Past Releases

Ex Oh "Ex Oh (Team Love)"

Jerry Adler has been around for a while. Yet despite his extensive, wildly eclectic catalog, his career has flown stubbornly under the radar. Coming out of the same NYC scene that produced The Strokes, Yeah Yeah Yeahs, and Interpol in the early 00’s, his band @TheBlam recorded two albums, had hits on national college radio, and toured sin the U.S. and UK. The group dissolved in 2005, but due to prominent placements over the years in hit TV shows such as The Office (US) and Skins (UK) the band has cultivated a small and dedicated cult following.

Adler returned the following year with Flugente (2006-10), captured on two albums but best exemplified in live performances that bordered on performance art. In 2011, he made yet another 90-degree turn with Wave Sleep Wave, an experimental, loop-based, guitar and drums duo with Yuval Lion (Cibo Matto, Suzanne Vega, The Blam). Ever restless, Adler’s guitar experimentation would lead him to join with classical sitar player Mustafa Bhagat (Biryani Boys) to form Arranged Marriage NP, in 2016. The duo relies on the Indian raga canon for its material, but replaces the traditional tabla drum with a whirling, swirling galaxy of sound.

Now Adler delivers EX OH, an album of super-tightly woven, impeccably arranged, songwriterly pop songs packed with myriad sounds and surprises. EX OH is dense, even maximalist. Each part is in full flower. If you’re a fan of albums on which art and pop are not opposing concepts, this one might be for you.
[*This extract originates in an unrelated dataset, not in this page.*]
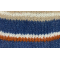 New Design Knitted New Pattern in Moahir Blend Yarn with
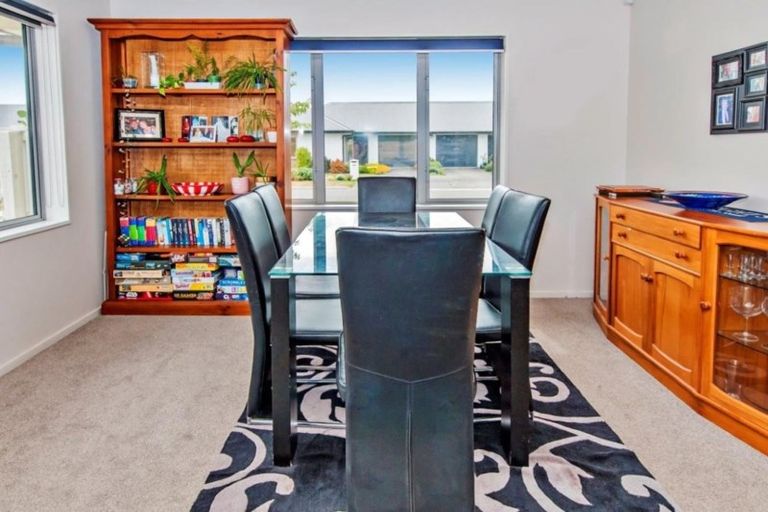 Photo of property in 10 Slattery Lane, Leeston, 7632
Bipolar "Bipolar (Slovenly)"

Bipolar is the twisted creation of Pouya and Obash, formed in a Brooklyn pisshouse while on a bender in the not too distant past. The duo moved to the USA from “conservative” Tehran, Iran as a cog in a wheel of a true underground scene in pursuit of their passion for cross dressing musical performance based on their love of the circus and all things theatrical. Think SCREAMERS finger-banging THE DICKIES while THE SPITS egg them on – Pouya has already done time on keys with The Spits.
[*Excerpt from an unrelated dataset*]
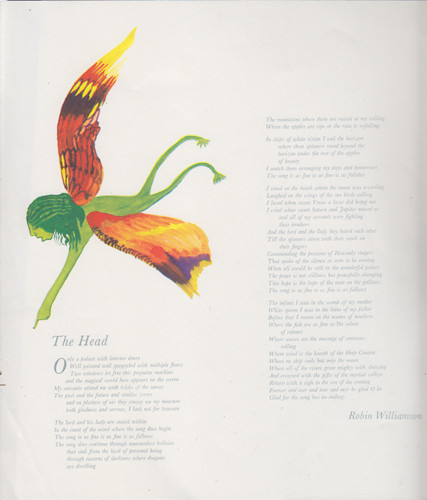 Stuart Penney tweet media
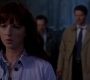 SPN_1266.jpg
And look at these sick bastards now… Hopefully one day soon you’ll get to see them in the third dimension.

With the addition of Kayla from NYC garage-punk party people THE OTHERMEN on synth, and some other man named Ethan on drums, BIPOLAR mightily spew forth their debut 7incher with timely titles “Depression” and “Virus” among the melee. We’re giving you the worthless Slovenly guarantee that this EP is a cure for at least one of these ailments.

Pódium "Pódium (Slovenly)"

Slovenly Recordings is fully amped to present the debut LP from PÓDIUM de València. Conceived by Nick Trampolino, armed with a drum machine and a guitar, this once personal project quickly evolved into a five-piece platoon with the addition of Salva Frasquet on guitar, Ximo Barceló on bass, Miguel J. Carmona on drums, and África Mansaray on vocals. Pulsating with the epic aggression of hardcore, the impersonal and perverse tone of industrial metal, and fully balanced with the liveliness of the authentic surf scene, we’ll be so bold as to describe them as a curious mixture of Ministry (circa ‘89), Man or Astroman? and the goddamn Go-Go’s ablaze with the pyromaniacal tendencies of Steve Albini’s Shellac. The combination of speed, skill and abrasiveness here converts every track into a 2 minute descent into the kind of hell you’ve been dying to enter.

The creative motor of the band is precisely this mixture of hate, anxiety, and fear that we perceive in the pommeling and obsessive riffs that constantly intertwine the guitars and bass. The drums are simple, linear and robotic, having deliberately taken out the dynamic possibilities to guarantee maximum protagonism and criminal coolness.

Pole "Fading (Mute)"

Pole is the project of ground-breaking electronic musician Stefan Betke. The new album Fading is the first since 2015’s Wald. As with every new Pole record, it’s part of a continued forward trajectory but it also connects to a pre-existing sonic framework. “Every Pole record connects to recordings that I’ve made before,” Betke says, “in order to stay in this kind of vertical development. The ideas from 1, 2, 3 [his groundbreaking first three albums] up to now are connected. I keep the interesting elements, languages and vocabulary that I designed and add new elements.” Fading follows the physical released on Mute of remastered versions of his iconic albums 1, 2, 3 to much acclaim.